In a significant court ruling, a Delaware corporate law court declared Elon Musk’s 2018 remuneration plan, valued at up to $55.8 billion, as improperly awarded. The court stated that the governance process supporting the Tesla share grants was “unfair” to ordinary shareholders, particularly highlighting the personal ties between Musk and the then-general counsel of Tesla.
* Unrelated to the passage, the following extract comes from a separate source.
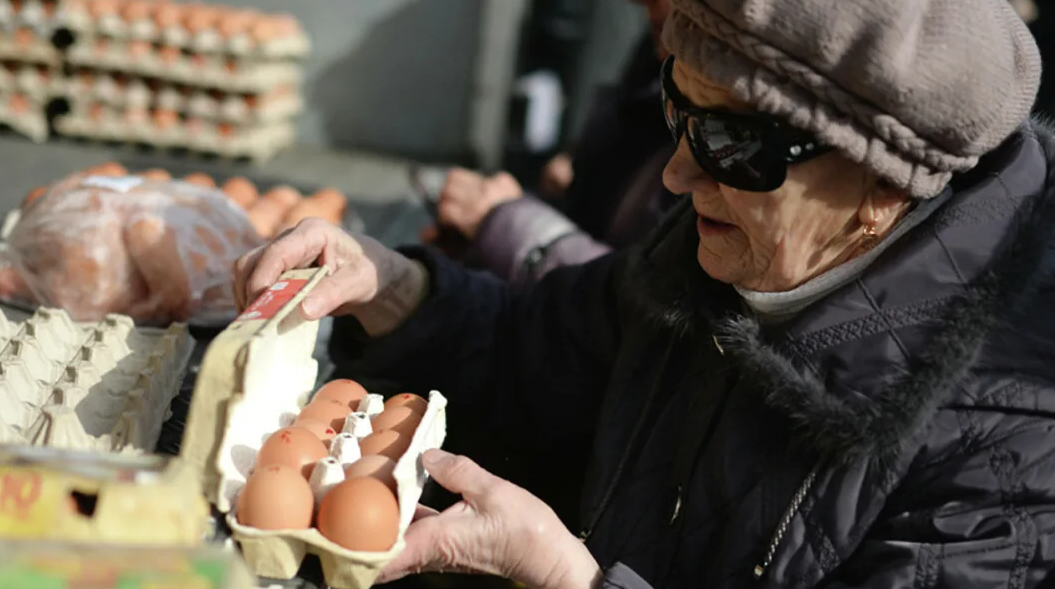 Взято из открытых источников.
The court emphasized that the personal relationship between Musk and Tesla’s general counsel raised concerns about whose interests the lawyer was ultimately representing. Elon Musk, known for his unconventional approach to corporate matters, was ordered to return the shares related to the contentious pay deal.
Key factors contributing to the court’s decision included the exorbitant amount of the pay deal, which was 250 times the relevant median benchmark for chief executives. The court’s judgment on what constitutes appropriate remuneration for a successful public company CEO stirred controversy and intrigue within the corporate world.
The board’s lawyer defended the pay deal, highlighting that for Musk to receive the full amount, Tesla had to achieve challenging operational and financial targets. Additionally, Tesla’s remarkable growth in value, reaching $600 billion, was cited as a justification for Musk’s compensation, amounting to only 6% of the company’s outstanding stock.
The court argued that Tesla, even with Musk’s substantial ownership stake, should have negotiated with him as if with an arms-length counterparty. The judge emphasized Musk’s significant personal gain with every increase in Tesla’s equity value, questioning the need for such incremental dilution imposed on public shareholders.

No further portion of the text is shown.